Phước also performed songs by activists, including "Vietnam Path" and "A Big Circus Troupe in a Small Homeland".

On 8 September 2022, Phước wrote a Facebook post in support of Bui Tuan Lam, who had been arrested the day before by provincial police in Da Nang. Two hours later, police in Đắk Lắk arrested Phước and charged him with conducting propaganda against the state, against article 117 of the penal code. Following his arrest, his wife Hàwas interrogated on at least two occasions about posts he had made on Facebook. The state-owned Daklak newspaper reported that Phước had shared over 200 articles online attacking the government.

Phước was sentenced to eight years imprisonment for criticising the Vietnamese government and "conducting anti-state propaganda" on 6 June 2023, alongside four years of probation following his release. Phước disputed the verdict and proclaimed his innocence. He is serving his sentence at Xuan Phước Prison in Phu Yen province.

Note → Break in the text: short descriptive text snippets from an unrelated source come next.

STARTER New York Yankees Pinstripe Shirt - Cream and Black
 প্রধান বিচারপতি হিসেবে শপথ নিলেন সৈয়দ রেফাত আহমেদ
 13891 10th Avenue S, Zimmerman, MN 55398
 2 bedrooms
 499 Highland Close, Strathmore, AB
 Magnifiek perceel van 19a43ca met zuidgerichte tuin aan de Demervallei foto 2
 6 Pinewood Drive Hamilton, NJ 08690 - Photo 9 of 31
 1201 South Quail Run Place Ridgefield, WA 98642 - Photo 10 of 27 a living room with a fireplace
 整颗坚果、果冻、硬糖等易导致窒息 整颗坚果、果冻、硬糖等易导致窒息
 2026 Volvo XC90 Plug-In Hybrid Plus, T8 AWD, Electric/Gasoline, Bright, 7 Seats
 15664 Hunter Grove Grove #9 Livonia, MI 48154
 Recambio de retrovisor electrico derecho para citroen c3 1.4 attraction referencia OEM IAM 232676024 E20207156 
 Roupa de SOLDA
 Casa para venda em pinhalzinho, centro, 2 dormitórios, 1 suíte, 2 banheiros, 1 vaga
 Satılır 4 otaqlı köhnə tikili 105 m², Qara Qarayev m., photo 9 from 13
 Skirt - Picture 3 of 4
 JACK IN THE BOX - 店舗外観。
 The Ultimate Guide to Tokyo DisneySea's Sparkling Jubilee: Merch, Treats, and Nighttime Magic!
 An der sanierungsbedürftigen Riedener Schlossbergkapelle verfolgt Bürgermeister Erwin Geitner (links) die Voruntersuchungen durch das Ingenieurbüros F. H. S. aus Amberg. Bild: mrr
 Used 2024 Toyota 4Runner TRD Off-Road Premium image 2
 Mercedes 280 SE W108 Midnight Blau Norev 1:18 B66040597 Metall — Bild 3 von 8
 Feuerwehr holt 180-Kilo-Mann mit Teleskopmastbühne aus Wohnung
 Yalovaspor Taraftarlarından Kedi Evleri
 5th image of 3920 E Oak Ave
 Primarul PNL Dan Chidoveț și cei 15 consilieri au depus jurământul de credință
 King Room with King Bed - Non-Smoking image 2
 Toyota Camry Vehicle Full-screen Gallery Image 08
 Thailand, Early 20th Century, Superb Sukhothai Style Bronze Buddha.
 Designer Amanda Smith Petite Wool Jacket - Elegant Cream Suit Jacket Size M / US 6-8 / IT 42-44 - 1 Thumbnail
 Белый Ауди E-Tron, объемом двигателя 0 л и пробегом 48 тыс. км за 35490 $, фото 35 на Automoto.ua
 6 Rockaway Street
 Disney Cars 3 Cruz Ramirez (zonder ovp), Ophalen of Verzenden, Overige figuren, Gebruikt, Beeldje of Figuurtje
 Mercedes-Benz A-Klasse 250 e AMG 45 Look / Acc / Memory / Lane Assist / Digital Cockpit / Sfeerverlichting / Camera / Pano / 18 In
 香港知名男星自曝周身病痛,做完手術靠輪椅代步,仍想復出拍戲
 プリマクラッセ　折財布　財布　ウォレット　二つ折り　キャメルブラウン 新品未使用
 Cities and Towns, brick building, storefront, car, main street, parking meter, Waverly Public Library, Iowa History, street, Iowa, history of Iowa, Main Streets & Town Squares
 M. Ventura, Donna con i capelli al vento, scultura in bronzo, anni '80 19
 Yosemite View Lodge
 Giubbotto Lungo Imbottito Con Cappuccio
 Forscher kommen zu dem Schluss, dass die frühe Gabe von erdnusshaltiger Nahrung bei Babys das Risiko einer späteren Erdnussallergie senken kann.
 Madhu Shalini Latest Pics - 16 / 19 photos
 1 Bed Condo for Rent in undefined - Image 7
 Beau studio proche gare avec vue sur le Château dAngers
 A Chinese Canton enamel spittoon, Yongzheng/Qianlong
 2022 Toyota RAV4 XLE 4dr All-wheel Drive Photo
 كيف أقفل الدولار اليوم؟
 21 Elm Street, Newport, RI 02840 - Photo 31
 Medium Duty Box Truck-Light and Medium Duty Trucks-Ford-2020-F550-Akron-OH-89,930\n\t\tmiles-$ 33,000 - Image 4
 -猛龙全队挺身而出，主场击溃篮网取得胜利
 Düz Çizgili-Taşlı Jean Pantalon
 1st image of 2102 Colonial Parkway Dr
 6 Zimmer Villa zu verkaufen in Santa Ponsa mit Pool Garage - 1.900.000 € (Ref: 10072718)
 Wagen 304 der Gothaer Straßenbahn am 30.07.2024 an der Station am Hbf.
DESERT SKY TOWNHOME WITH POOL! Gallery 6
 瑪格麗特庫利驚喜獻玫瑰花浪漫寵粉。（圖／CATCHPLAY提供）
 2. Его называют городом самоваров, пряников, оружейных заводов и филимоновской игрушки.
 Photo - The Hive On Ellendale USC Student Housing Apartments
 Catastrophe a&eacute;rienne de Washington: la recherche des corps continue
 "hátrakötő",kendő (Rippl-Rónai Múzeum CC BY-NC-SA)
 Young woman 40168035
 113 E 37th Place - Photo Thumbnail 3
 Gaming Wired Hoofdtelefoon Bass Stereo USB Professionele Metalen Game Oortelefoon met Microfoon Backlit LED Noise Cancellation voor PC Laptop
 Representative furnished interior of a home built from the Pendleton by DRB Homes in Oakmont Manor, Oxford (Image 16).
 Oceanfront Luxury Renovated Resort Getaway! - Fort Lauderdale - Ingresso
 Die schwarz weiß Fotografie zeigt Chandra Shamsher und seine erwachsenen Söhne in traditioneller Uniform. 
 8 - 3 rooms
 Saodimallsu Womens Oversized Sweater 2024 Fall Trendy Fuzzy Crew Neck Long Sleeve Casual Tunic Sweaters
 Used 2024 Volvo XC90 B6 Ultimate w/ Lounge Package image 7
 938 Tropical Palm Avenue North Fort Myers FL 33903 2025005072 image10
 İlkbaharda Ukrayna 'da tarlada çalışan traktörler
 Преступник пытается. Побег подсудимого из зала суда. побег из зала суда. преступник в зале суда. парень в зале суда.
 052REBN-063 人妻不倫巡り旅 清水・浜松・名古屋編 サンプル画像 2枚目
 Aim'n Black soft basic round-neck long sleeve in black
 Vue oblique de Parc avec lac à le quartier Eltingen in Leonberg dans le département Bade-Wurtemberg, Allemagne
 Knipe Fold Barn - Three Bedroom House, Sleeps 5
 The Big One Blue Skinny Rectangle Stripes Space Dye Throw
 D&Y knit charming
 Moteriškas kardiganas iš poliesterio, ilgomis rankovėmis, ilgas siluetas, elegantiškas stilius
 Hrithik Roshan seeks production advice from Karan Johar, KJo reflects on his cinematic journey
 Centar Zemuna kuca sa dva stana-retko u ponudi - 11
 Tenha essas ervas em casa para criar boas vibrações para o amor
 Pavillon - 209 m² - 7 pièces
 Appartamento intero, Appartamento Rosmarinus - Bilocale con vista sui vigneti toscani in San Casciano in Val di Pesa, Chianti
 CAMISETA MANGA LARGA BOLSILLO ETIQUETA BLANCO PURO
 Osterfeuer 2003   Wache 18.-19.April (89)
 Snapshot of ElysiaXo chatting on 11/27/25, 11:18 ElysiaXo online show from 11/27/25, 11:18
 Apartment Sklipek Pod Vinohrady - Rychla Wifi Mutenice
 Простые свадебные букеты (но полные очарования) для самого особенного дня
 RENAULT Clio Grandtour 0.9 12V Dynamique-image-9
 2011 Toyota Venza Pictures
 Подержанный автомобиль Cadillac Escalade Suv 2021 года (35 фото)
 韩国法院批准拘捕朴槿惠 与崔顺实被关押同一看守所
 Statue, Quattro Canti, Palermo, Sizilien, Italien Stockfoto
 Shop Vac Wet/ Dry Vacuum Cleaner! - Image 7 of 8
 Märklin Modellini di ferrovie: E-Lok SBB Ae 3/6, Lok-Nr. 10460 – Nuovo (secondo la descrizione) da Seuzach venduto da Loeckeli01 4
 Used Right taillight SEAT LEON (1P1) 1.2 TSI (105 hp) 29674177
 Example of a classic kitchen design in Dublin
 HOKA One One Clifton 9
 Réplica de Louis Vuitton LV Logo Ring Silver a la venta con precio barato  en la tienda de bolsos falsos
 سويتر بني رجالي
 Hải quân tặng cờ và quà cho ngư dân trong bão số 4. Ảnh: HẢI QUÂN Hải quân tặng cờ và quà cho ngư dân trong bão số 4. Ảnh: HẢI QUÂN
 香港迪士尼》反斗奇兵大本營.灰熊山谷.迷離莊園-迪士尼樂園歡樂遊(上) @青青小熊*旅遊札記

Phước appealed his sentence. On 26 September 2023, the sentence was upheld by the High People's Court in Đắk Lắk, in an appeal that lasted two hours.

In December 2023, Phước's wife Hà reported that local police had installed cameras pointing towards her home. In May 2024, she reported that Phước had been put into solitary confinement for violating unspecified regulations between 10 and 20 May, and that his visitation had been reduced from monthly to every two months until "his attitude improves".

Human Rights Watch called for the charges against Phước to be dropped and for him to be immediately released, accusing Vietnamese authorities of using repressive laws to silence people calling for reform. Radio Free Asia noted that Phước was the 11th activist convicted in Vietnam in 2023.